Oh - and there was a mouse by the chicken coop yesterday while I was cleaning up the debris from the whole building project. It ran underneath the framing for the run. I was hoping to catch it for practice for the dog but it was too quick. I'm sure the chicks would not be impressed by it yet..... *sigh*


----------



## Energyvet (Jul 25, 2012)

Where there is one mouse..... Patience is a virtue. ;-)


----------



## TinyHouse (Aug 31, 2012)

Yeah..... dang it. He/she was close to the garden spot too. I hope that doesn't mean that they find and eat any seeds I plant yet this fall... 

I'm still figuring this whole vermicomposting thing out though - how do you separate the good stuff from the worms without accidentally taking out too many worms?


----------



## Energyvet (Jul 25, 2012)

Not sure. I'm still doing just normal composting. I wasn't brave enough or rich enough this year to do both. I was kinda hoping you would take the lead there and teach me a few things.


----------



## TinyHouse (Aug 31, 2012)

Energyvet said:


> Not sure. I'm still doing just normal composting. I wasn't brave enough or rich enough this year to do both. I was kinda hoping you would take the lead there and teach me a few things.


lol - we'll have to leave that up to cog.... I'm guessing he's been doing it longer and knows WAY more than me. I was lucky and was given a (fancy) worm bed. I paid $20.00 for the worms and they seem to be happy enough. I find lots of different sizes of the little guys when I open it up. I don't pay too much attention to it except to throw something in it every once in awhile.

If I ever start another one - and I might even just switch over from this fancy set up - I'm going to do what cog has done and just use a plastic tub. They are cheap and, as long as you drill holes so that they have air and drainage, it works as well as this "official" thing I have. I had mine in the basement where it stayed pretty cool and they seemed to thrive. My SIL, on the other hand, left his outside...... *sigh* And then wondered why he lost all his worms. Also, he had no holes in the bottom so they were always trying to escape because they were "drowning". I attended a series of workshops that covered a whole bunch of permaculture-type subjects and a gal brought her worm bed one evening - it was exactly like cog's set up. She was even giving away worms to those who wanted some.

Cheap tub ($5-6), drill some holes (1/4" - cog?), put it on a rack to keep it lifted up, tray underneath to catch the "worm tea", shredded newspaper, cardboard, some moisture and throw in kitchen scraps every so often and you have a worm bed! Easy peasy. Just don't let it dry out.

Oh - and mine love, I mean LOVE, the cobs left from fresh corn on the cob. Not the ones with corn left on them (and WHO would throw those out anyway - right??? ) so much as the ones leftover from someone eating the corn off them first. I was amazed to see the "orgy" that was going on after the first time I threw a couple of those in the bed.


----------



## Energyvet (Jul 25, 2012)

I just saw this after posting. Looks like an article about bees. 

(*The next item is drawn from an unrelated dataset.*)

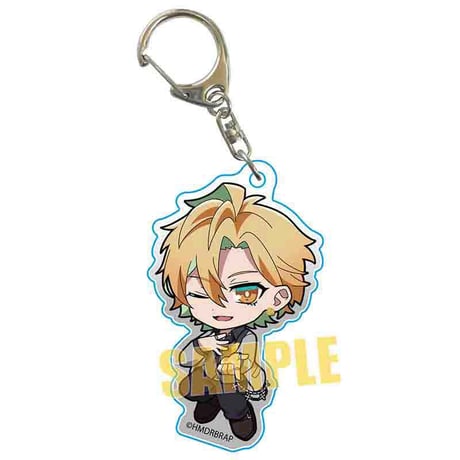 ぷかっしゅアクリルキーホルダー 『ヒプノシスマイク-Division Rap Battle-』Rhyme Anima +/伊弉冉 一二三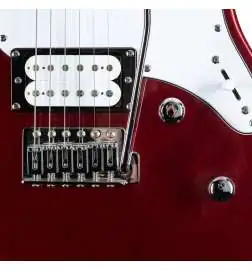 Yamaha PAC112VM Pacifica & Lesson (Red Metallic)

Yeah, that seems like a pretty simply operation. Not sure where I would keep it as I have house cats that go in my basement. They would be in the dirt all the time guaranteed!


----------



## TinyHouse (Aug 31, 2012)

Oh - you can/probably should have a cover on it. Just use the lid that comes with the tub. 

Is that the newest issue of OG? I haven't gotten that one yet if it is. I also bought this at the MO State Fair from the MO Beekeepers booth: 


They said it was one of the best (despite what some of the reviews on Amazon say).


----------



## TinyHouse (Aug 31, 2012)

And my worm bed is right here in my "living room". Since I am in a really small cabin (264 sq ft.), I just tucked it between my futon and a shelf, right under the A/C wall unit. It could really go anywhere out of the way: closet, under a table, on a shelf, etc. They really do NOT like the light so a dark place is great for them. I used to worry that they would try to escape so I kept a light on in the basement room where I had them in my old house, but here, I can't have a light on where they are or I'd never be able to sleep! That's why the baby chicks had to be in the (also very small) bathroom and I had to put a towel across the bottom of the door to block the light. 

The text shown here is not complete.